**Work item**:
Repeat back every line of the data, exactly.

**Records for the task**:

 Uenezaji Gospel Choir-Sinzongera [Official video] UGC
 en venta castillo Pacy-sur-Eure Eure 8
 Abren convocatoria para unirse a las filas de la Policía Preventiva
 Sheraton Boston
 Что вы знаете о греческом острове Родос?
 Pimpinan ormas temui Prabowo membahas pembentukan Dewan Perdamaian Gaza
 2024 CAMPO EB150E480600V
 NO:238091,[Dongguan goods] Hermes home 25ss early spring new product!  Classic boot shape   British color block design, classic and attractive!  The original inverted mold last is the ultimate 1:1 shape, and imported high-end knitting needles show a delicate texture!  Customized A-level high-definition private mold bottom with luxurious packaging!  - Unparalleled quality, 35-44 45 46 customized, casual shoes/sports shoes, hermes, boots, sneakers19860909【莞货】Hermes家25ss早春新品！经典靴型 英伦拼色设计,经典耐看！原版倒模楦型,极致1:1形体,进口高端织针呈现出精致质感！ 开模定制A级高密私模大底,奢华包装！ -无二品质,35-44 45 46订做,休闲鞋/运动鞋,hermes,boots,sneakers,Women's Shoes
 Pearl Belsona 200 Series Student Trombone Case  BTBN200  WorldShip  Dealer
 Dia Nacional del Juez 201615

**Response to this exercise**:
 Uenezaji Gospel Choir-Sinzongera [Official video] UGC
 en venta castillo Pacy-sur-Eure Eure 8
 Abren convocatoria para unirse a las filas de la Policía Preventiva
 Sheraton Boston
 Что вы знаете о греческом острове Родос?
 Pimpinan ormas temui Prabowo membahas pembentukan Dewan Perdamaian Gaza
 2024 CAMPO EB150E480600V
 NO:238091,[Dongguan goods] Hermes home 25ss early spring new product!  Classic boot shape   British color block design, classic and attractive!  The original inverted mold last is the ultimate 1:1 shape, and imported high-end knitting needles show a delicate texture!  Customized A-level high-definition private mold bottom with luxurious packaging!  - Unparalleled quality, 35-44 45 46 customized, casual shoes/sports shoes, hermes, boots, sneakers19860909【莞货】Hermes家25ss早春新品！经典靴型 英伦拼色设计,经典耐看！原版倒模楦型,极致1:1形体,进口高端织针呈现出精致质感！ 开模定制A级高密私模大底,奢华包装！ -无二品质,35-44 45 46订做,休闲鞋/运动鞋,hermes,boots,sneakers,Women's Shoes
 Pearl Belsona 200 Series Student Trombone Case  BTBN200  WorldShip  Dealer
 Dia Nacional del Juez 201615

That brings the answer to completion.